1.The applicant was aggrieved by the Judgment rendered by the High Court in an appeal from the trial Magistrate’s court’s decision. The judgment was rendered on 18th June, 2024. The applicant on 29th May, 2025 moved this Court in a notice of motion made substantially under Rule 4 of the Court of Appeal Rules seeking a grant to be leave to appeal out of time in a second appeal to this Court. The applicant explained the reason for delay to be; they had previously filed a similar application which included prayers which could only be granted by a full bench of the Court. When the applicant appeared before the full bench of this Court on 25th February, 2025, the Court advised them to file the present application as a separate application; because it was a matter that could only be considered by a single Judge of this Court. In compliance with the Court’s direction, the applicant filed the present application. The previous application was withdrawn. The applicant contends that it has a good appeal which should be allowed to be ventilated before this Court. The applicant took issue with the fact that the 1st appellate court did not consider all the evidence, including the additional evidence that was placed before it before rendering the said Judgment. The subject matter of this appeal is a substantial sum of money which the trial court decreed that it be paid. The application is supported by further grounds on the face of the application and the annexed affidavit of Daniel Kigado, an administrator with the applicant.
2.The application is opposed. The respondent swore a replying affidavit in opposition to the application. He was not persuaded that the applicant was deserving of the exercise of discretion by the Court. The respondent deponed that it took the applicant more than twelve (12) months since the decision was rendered by the 1st appellate court for the applicant to file the present application. In his view, the length of delay was inordinate. It had not been sufficiently and satisfactorily explained. The respondent accused the applicant of inexcusable indolence, which in his opinion, disentitles them to the orders craved for in the application. For added measure, the respondent urged the Court to find that the application is otherwise meant to deny him enjoyment of the fruits of the Judgment. The respondent deponed that the applicant was not being honest in the grounds in support of the application that they are urging the Court to grant. He pointed out that the applicant was misleading and deceiving the Court and thus should have its application disallowed with costs.

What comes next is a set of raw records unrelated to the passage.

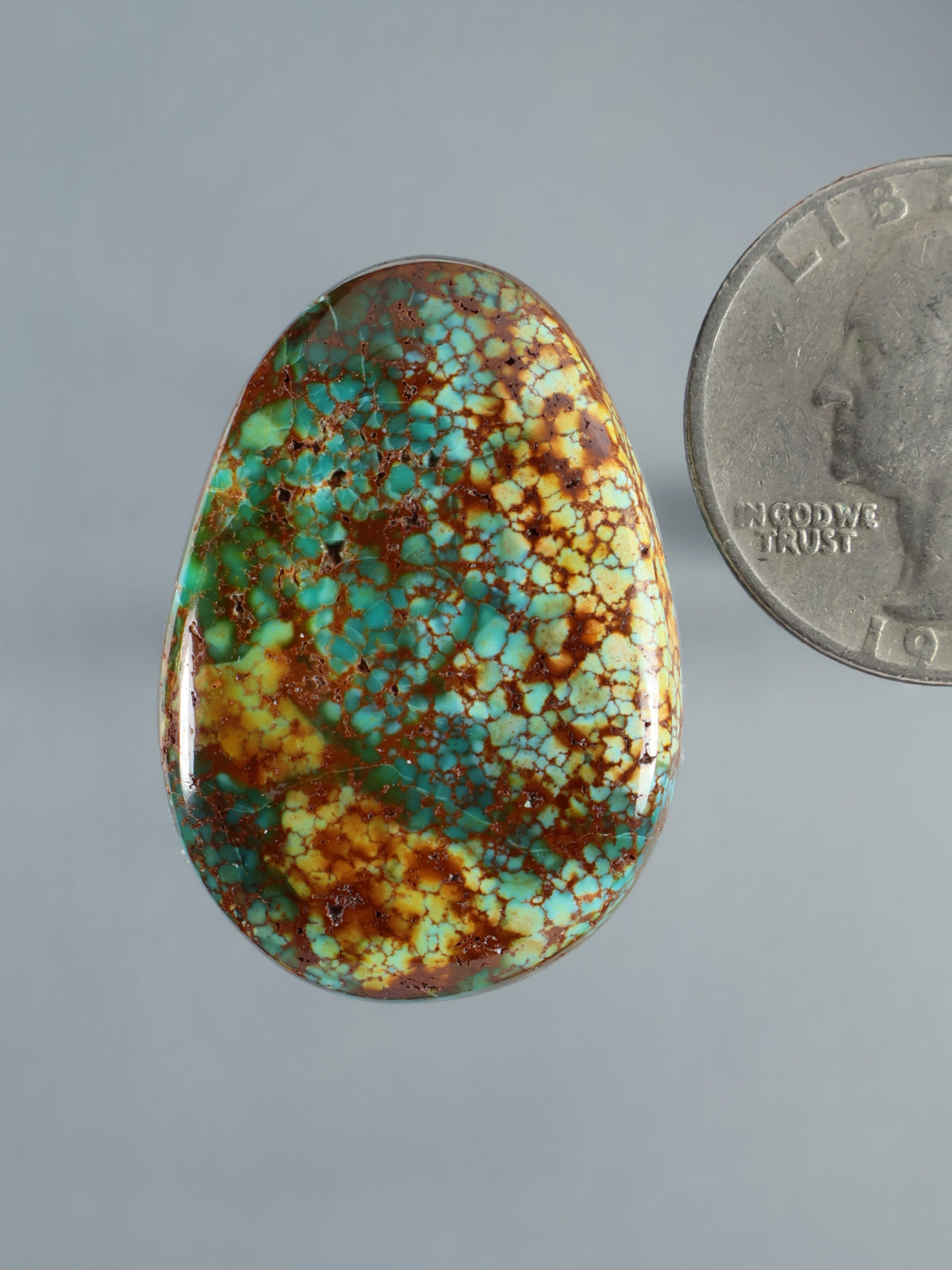 Patagonia turquoise cabochon with blue-green stone and brown veining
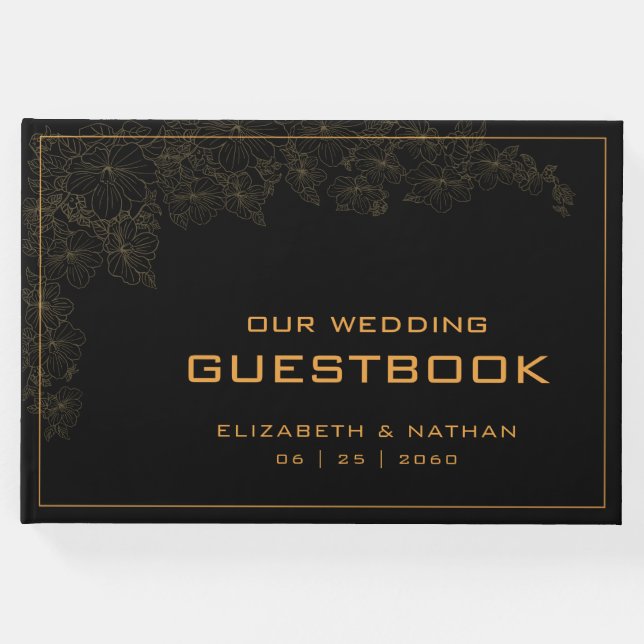 Livro De Visitas Elegante Citação de Casamento Preta Dourada Retro (Frente)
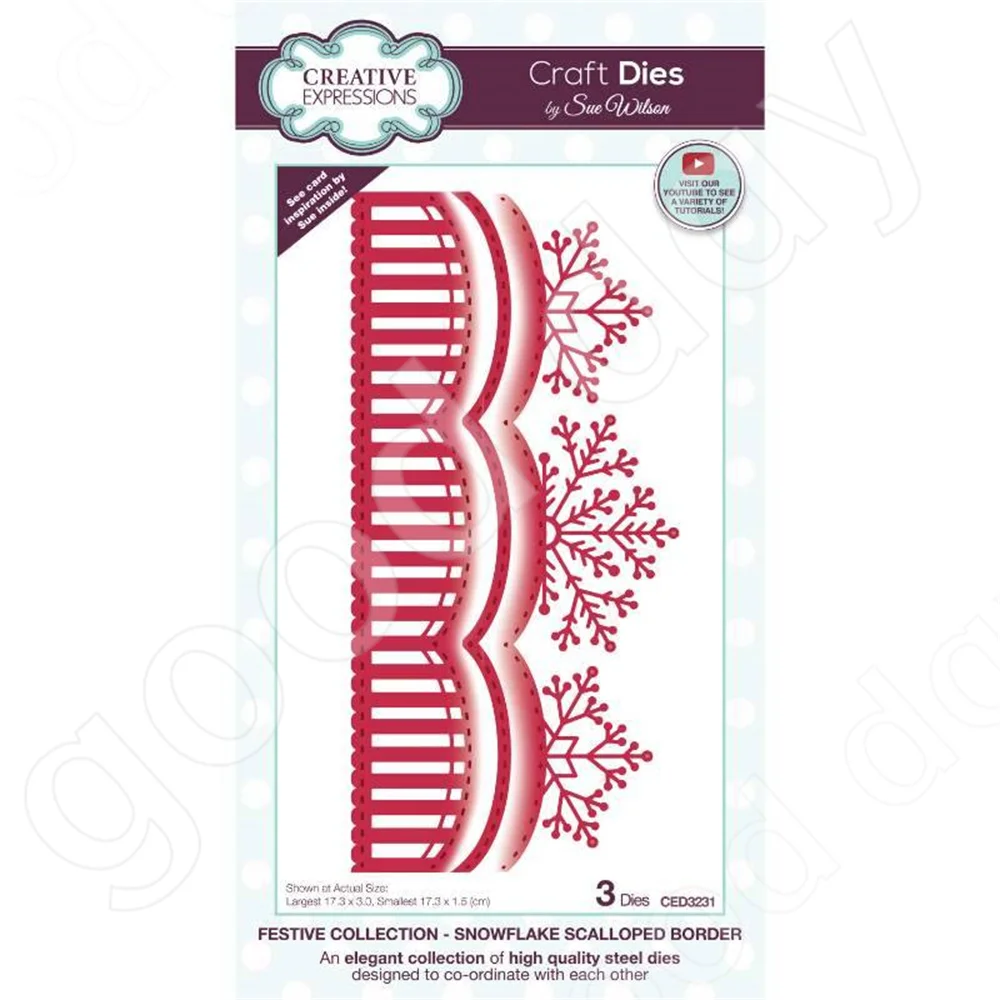 

2022 New Christmas Arrival Snowflake Scalloped Border Craft Metal Dies Scrapbook Diary Decoration Embossing Template Handmade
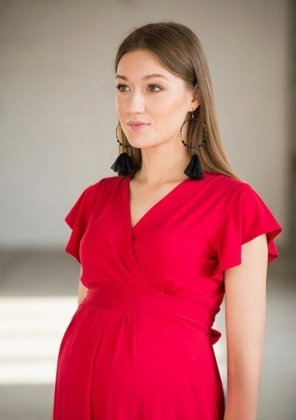 Sukienka ciążowa i do karmienia LUNA Malinowa czerwona (4).png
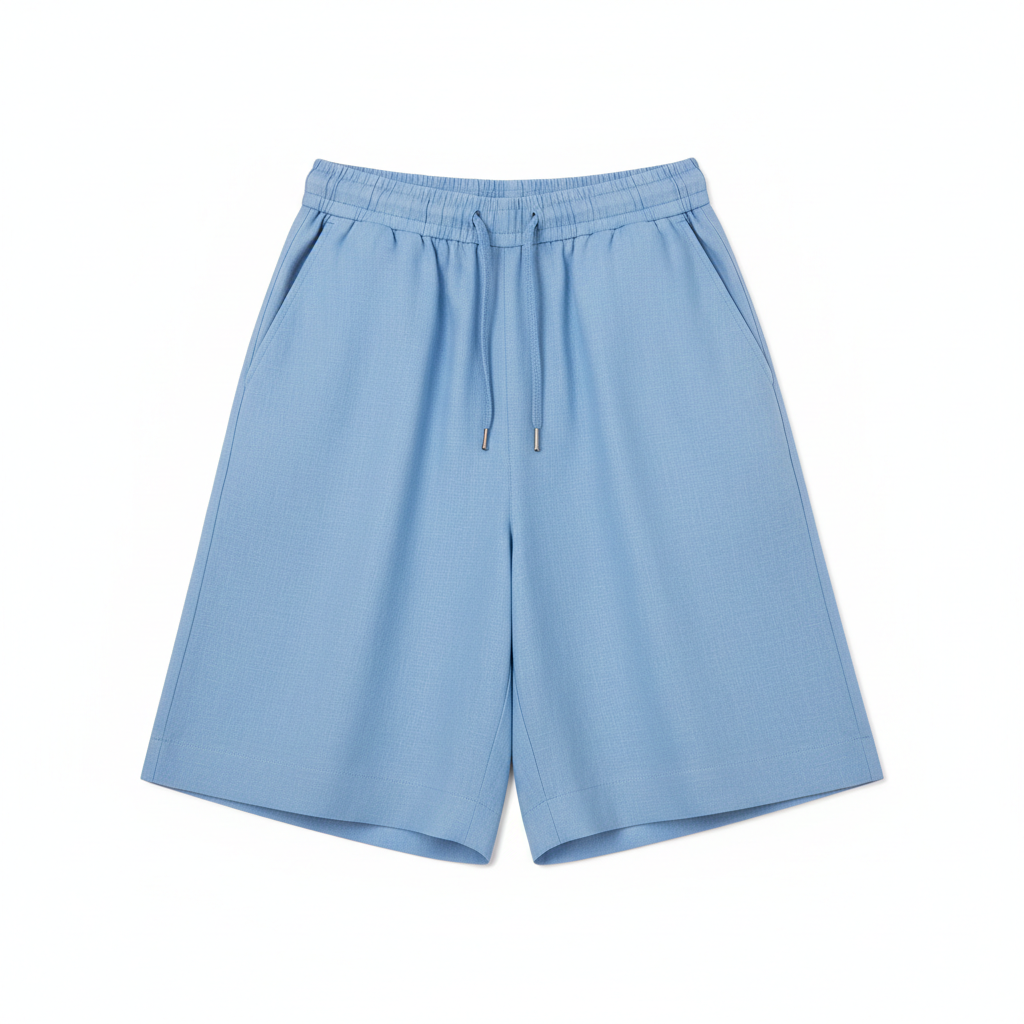 Classic Wide Shorts in Sky Blue – Front View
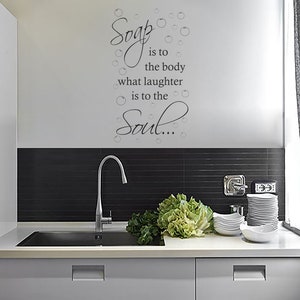 Wall Quote &quot;Soap is laughter…&quot; Cute Bathroom Funny Laughter Vinyl Sticker Decal Decor Transfer Accessories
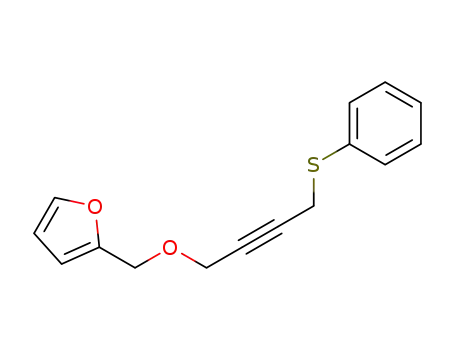 Molecular Structure of 591769-64-1 (Furan, 2-[[[4-(phenylthio)-2-butynyl]oxy]methyl]-)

3.Both counsel for the applicant and the respondent filed written submissions in support of their respective opposing positions. Both counsel appreciated that in determining the application, this Court is exercising judicial discretion as conferred upon it by Rule 4 of the Court of Appeal Rules. This discretion, though unfettered, is circumscribed by principles established by precedent. The Court has to take into consideration some of the following principles in the exercise of its discretion; the reasons for the delay, the length of the delay, the strength of the intended appeal (possibly), and if the respondent will be prejudiced if the application is allowed (See Andrew Kiplagat Chemeringo v Paul Kipkorir Kibet [2017] KECA 701 (KLR).

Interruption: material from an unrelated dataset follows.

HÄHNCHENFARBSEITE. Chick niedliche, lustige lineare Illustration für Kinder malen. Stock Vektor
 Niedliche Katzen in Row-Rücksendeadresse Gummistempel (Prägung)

4.In the present application, the applicant gave the reason for delay to be the setback it experienced when its initial application failed to muster the jurisdictional threshold that they were forced to go back to the drawing board by this Court. The respondent was not impressed by the reasons given by the applicant for the delay in filing the present application in time. This Court agrees with the respondent that the delay of twelve (12) months in moving this Court for extension of time is inordinate. However, in the circumstances of this case, this Court will exercise its discretion in favour of the applicant for the reason that part of the delay was caused by misteps the applicant took when it initially approached this Court. When the applicant retraced its steps, it did the right thing and corrected the procedural misteps that it had taken. The subsequent application was filed immediately after the previous application was withdrawn. It was evident that the applicant is desirous of exercising its right of second appeal. The Court’s mind was to some extent made in consideration of the value of the subject matter of appeal. The applicant should not be locked out of the seat of justice in the circumstances of this application.

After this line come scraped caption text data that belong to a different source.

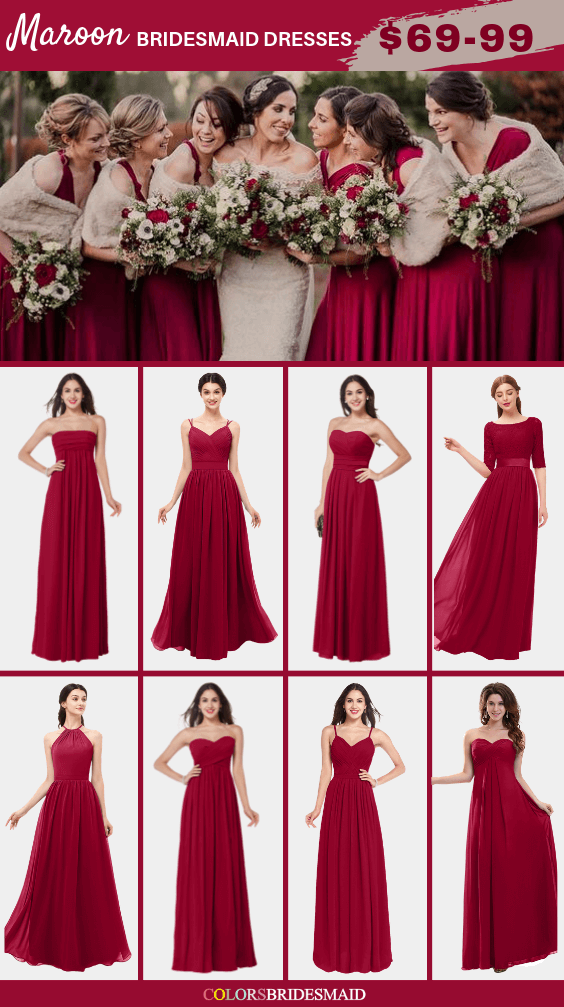 Fall Wedding - Maroon Bridesmaid Dresses and Navy Man's Suit with ...
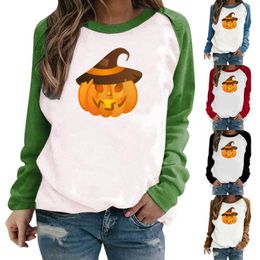 Women's Hoodies Crew Neck Sweatshirt With Long Sleeves Halloween Pumpkin Christmas Pullover Women Colour Top Distressed Plain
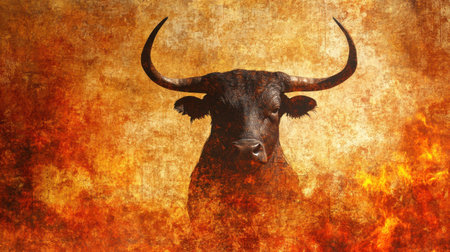 A striking portrait of a bull set against a backdrop of vivid flames, representing strength and ferocity. The artwork captures raw power and intensity, showcasing the vibrant colors and dramatic textures that evoke a sense of danger and energy.の素材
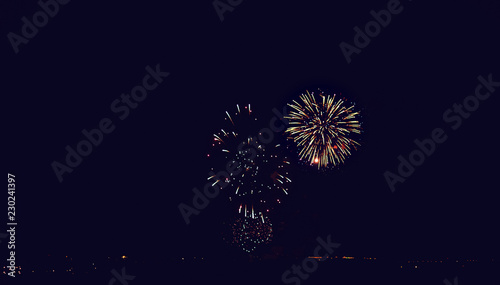 Fireworks at New Year or christmas with copy space - abstract holiday background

5.In the premises therefore, the application has merit and is allowed. The applicant is granted leave to lodge the notice of appeal out of time. The said notice of appeal shall be lodged within fourteen (14) days. The record of appeal shall be filed within forty-five (45) days of today’s date. The respondent shall have the costs of the application.
DATED AND DELIVERED AT KISUMU THIS 1ST DAY OF DECEMBER, 2025.L. KIMARU...........................JUDGE OF APPEALI certify that this is a true copy of original.SignedDEPUTY REGISTRAR.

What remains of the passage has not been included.